» **Exercise details**: All lines in the material containing the word "phong" need to be copied.
Dataset section start
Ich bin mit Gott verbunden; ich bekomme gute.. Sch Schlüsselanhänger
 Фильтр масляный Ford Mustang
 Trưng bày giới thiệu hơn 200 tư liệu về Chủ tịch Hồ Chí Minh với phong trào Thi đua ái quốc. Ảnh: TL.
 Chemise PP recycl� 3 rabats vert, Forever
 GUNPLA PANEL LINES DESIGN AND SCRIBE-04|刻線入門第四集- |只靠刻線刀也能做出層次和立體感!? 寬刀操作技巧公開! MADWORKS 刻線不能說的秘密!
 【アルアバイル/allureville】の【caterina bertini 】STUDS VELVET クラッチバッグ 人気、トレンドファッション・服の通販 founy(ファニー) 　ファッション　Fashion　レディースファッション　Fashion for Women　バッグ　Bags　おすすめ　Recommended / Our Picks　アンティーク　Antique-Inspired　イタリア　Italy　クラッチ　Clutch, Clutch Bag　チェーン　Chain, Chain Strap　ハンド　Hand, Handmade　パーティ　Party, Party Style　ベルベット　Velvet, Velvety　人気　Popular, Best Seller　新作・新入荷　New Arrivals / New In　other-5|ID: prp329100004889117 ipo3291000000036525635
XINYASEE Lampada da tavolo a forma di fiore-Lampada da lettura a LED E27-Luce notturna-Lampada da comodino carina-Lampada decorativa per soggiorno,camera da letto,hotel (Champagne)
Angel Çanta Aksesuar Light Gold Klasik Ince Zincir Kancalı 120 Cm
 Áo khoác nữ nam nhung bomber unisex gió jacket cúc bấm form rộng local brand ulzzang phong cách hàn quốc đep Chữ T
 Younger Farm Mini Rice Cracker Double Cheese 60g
Dataset section end
» **Task response**:
 Trưng bày giới thiệu hơn 200 tư liệu về Chủ tịch Hồ Chí Minh với phong trào Thi đua ái quốc. Ảnh: TL.
 Áo khoác nữ nam nhung bomber unisex gió jacket cúc bấm form rộng local brand ulzzang phong cách hàn quốc đep Chữ T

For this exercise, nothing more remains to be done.